Estudo de Jorge Coli reúne crítica musical do escritor, até agora inédita em livro


WALNICE NOGUEIRA GALVÃO
especial para a Folha

Mário de Andrade, consubstanciado em seus arquivos sob a guarda do Instituto de Estudos Brasileiros da USP, não cessa de surpreender enquanto manancial inesgotável. Sobretudo nas mãos da curadora, Telê Porto Ancona Lopez, a quem devemos três décadas de total dedicação, resultantes em cerca de 20 livros de e sobre o escritor, que incluem a publicação criteriosa de inéditos e três sucessivas edições críticas de "Macunaíma". Isso, sem contar as inúmeras teses que tem orientado sobre esse material.
A última contribuição se deu no campo da epistolografia. Como se sabe, a de Mário é estimada em cerca de 10 mil cartas, só perdendo para campeões como Madame de Sévigné, Lady Montagu, Proust, Freud e poucos mais. E, no Brasil, seu caso é único, ninguém lhe usurpando o galardão. Só a correspondência ativa já rendeu fartos volumes e estudos. A passiva vem de ser aberta, atendendo ao prazo, por ele mesmo estipulado, de 50 anos após sua morte, ocorrida em 1945. Ao término dos dois anos ocupados pela organização, indexação e catalogação feitas sob o comando da curadora, vieram à luz aproximadamente 8 mil cartas de que Mário é destinatário, tesouro que certamente levará decênios até ser exaurido enquanto objeto de edição e exegese.
Pois ainda há, pasmem, inéditos.

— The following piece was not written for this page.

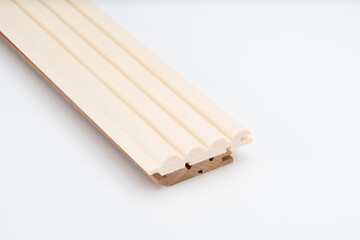 Profiled light wood molding piece with decorative ridges and tongue-and-groove joints, shown on a white background for product display..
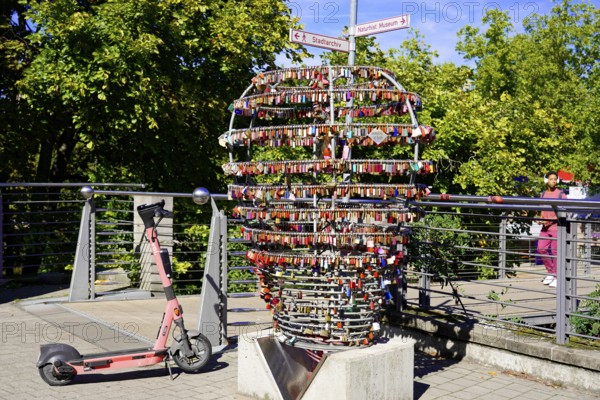 Electric scooter next to a large heart made of padlocks outdoors, Nuremberg, Middle Franconia,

Donde este "Música Final", que Jorge Coli garimpou naquele arquivo. De "gigantismo espistolar" penitenciava-se Mário de Andrade: hoje, ao ler este livro, é de cogitar que não se tratava bem de gigantismo, e nem só epistolar, mas de um gigante de verdade. Jorge Coli procede à edição e estudo da coluna semanal "Mundo Musical" -exceto partes anteriormente publicadas- escrita por Mário de Andrade para a "Folha da Manhã" (um dos jornais que viriam a formar a Folha) nos dois últimos anos de sua vida, de 1943 a 1945. A nos fiarmos na "Explicação Preliminar", fica pouco claro onde e como foi publicado o que já o foi. Deve ser modéstia do autor, que antes desentranhara a porção mais importante desta coluna e dela fizera um livro independente, em parceria com Luiz Dantas ("O Banquete", São Paulo, Duas Cidades, 1977).
Vejamos inicialmente o que, segundo a explicação, ficou de fora. Porque já publicados: a série "O Banquete" (cuja indicação bibliográfica só aparece no fim do volume), a série "Cantador" (sem indicação bibliográfica nem mesmo no fim do volume; mas se encontra em Raimunda Brito Batista, "Vida do Cantador", Belo Horizonte, Itatiaia, 1993) e mais dois artigos constantes de "Danças Dramáticas do Brasil", organizado por Oneyda Alvarenga para as "Obras Completas" editadas pela Martins. Porque não musicais: meia dúzia de artigos inéditos sobre variados assuntos, que vão desde as artes plásticas a motivos etnográficos, passando por livros e edições; e as notas curtas e avulsas, quando não musicais, da rubrica "Do Meu Diário".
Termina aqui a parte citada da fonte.